A painting of flowers hung in the window at Dudensing Gallery on West 44th Street in New York and caught the eye of Vanity Fair editor Frank Crowninshield, who dashed off to buy several paintings from the young artist, Virginia Berresford. “The work of Virginia Berresford,” Crowninshield observed, “is suffused with a spirit so warm, so personal and so full of sympathy that many of her canvases take on…the quality of strangeness and romance.” A rising talent by twenty-five, Berresford earned her first solo exhibition in 1927, held in Paris at the legendary Galleries Bernheim-Jeune, a pillar of the European avant-garde known for exhibiting titans of modernism such as Vincent Van Gogh, Paul Cézanne, and Henri Matisse. Three years later, Berresford was selected to represent a strong emerging generation of modernists alongside Arshile Gorky and Isamu Noguchi in An Exhibition of Work of 46 painters & Sculptors under 35 years of age, the fifth exhibition organized by the newly established Museum of Modern Art in New York. Berresford based herself largely in New York, where she regularly attended the Metropolitan Opera and visited museum and gallery exhibitions. When not in New York, she summered in Martha’s Vineyard, wintered in Key West, and traveled often to Europe.

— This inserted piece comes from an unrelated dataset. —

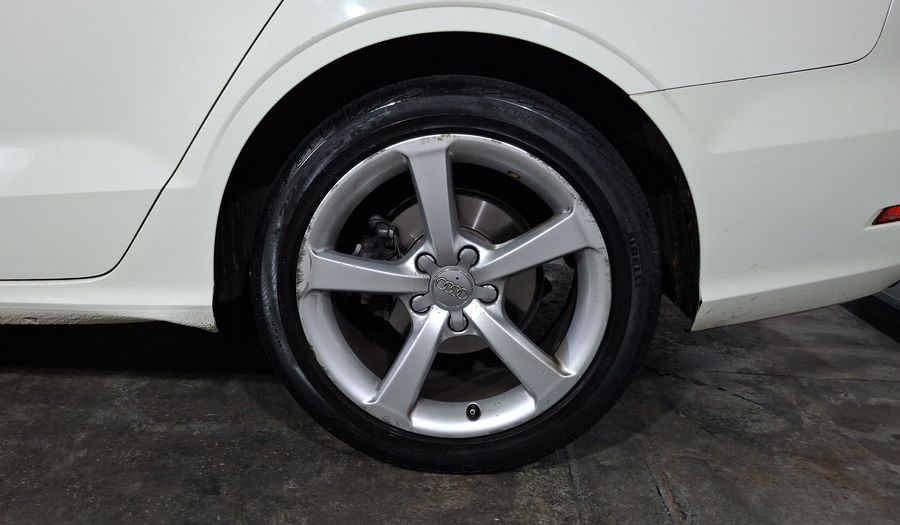 Audi A3 1.4 TFSI ATTRACTION S TRONIC Sedan 2015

Virginia Berresford: Strangeness and Romance presents eight paintings from 1926 to 1947 that trace the creative development of an ambitious young woman, who sought out private study with Purism co-founder Amédée Ozenfant in Paris and forged her enigmatic style before opening her own gallery, where she championed herself and other artists. Her work describes her favorite places and deepest personal passions—Antibes, France, Martha’s Vineyard, the natural world, and music. Berresford gained critical recognition during her lifetime, and her work is held in important institutional collections including the Whitney Museum of American Art, New York; Dallas Museum of Art; the Davis Museum at Wellesley College, Massachusetts; the Detroit Museum of Art; and the National Museum of Women in the Arts, Washington, D.C. It has been decades, however, since the artist has been the subject of a dedicated exhibition. Virginia Berresford: Strangeness and Romance invites viewers to rediscover and engage with Berresford’s lasting contribution to twentieth-century American modernism.